— Work item —
Return the listing that follows exactly, with no pictures included.

BEGIN Data block

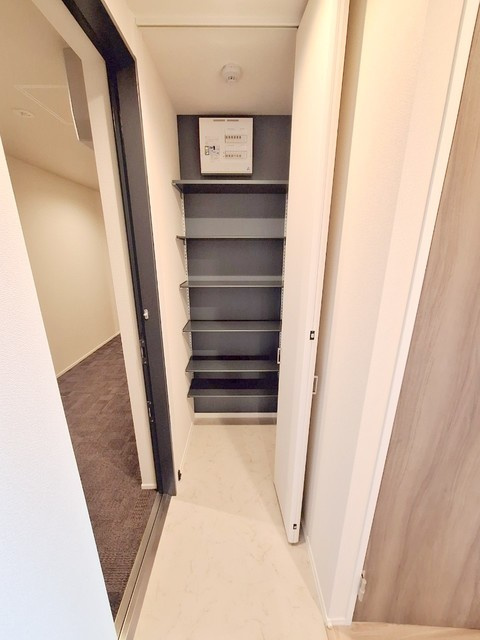 パークメゾン町屋の玄関|大きな玄関収納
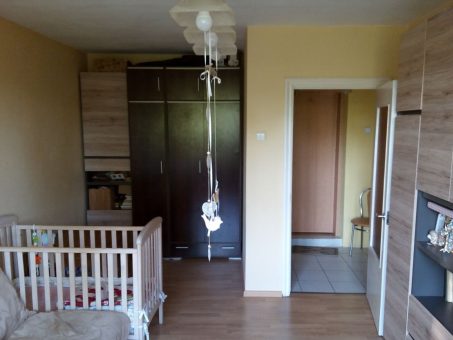 Skelbimas - 1 k. butas  su balkonu 35 kv.m 5/4 aukštas 34000€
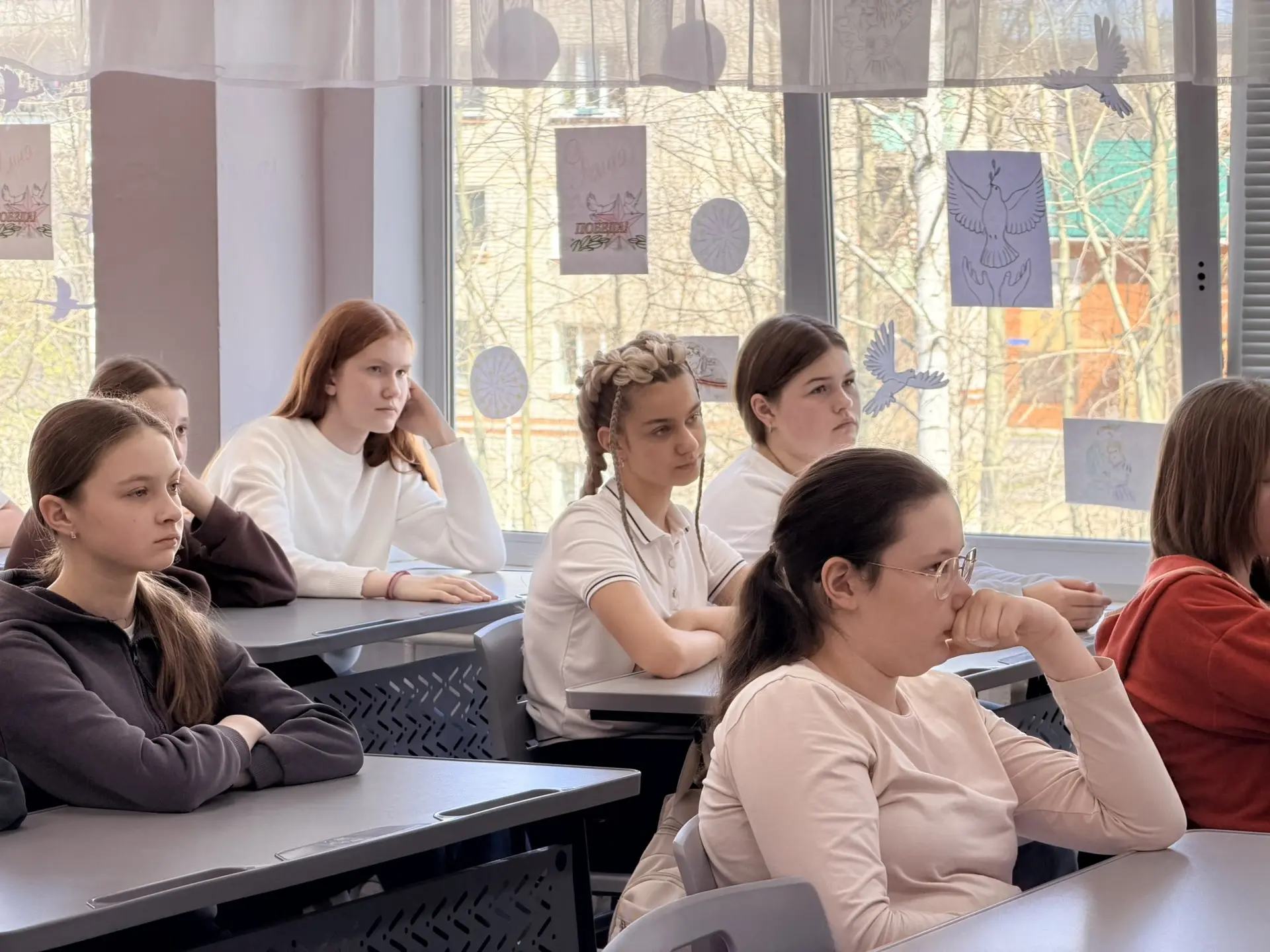 🇷🇺Разговоры о важном: песни, которые объединяют поколения!  🔔 Утро понедельника, 4 мая, в нашей школ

END Data block

— Result of the task —
 パークメゾン町屋の玄関|大きな玄関収納
 Skelbimas - 1 k. butas  su balkonu 35 kv.m 5/4 aukštas 34000€
 🇷🇺Разговоры о важном: песни, которые объединяют поколения!  🔔 Утро понедельника, 4 мая, в нашей школ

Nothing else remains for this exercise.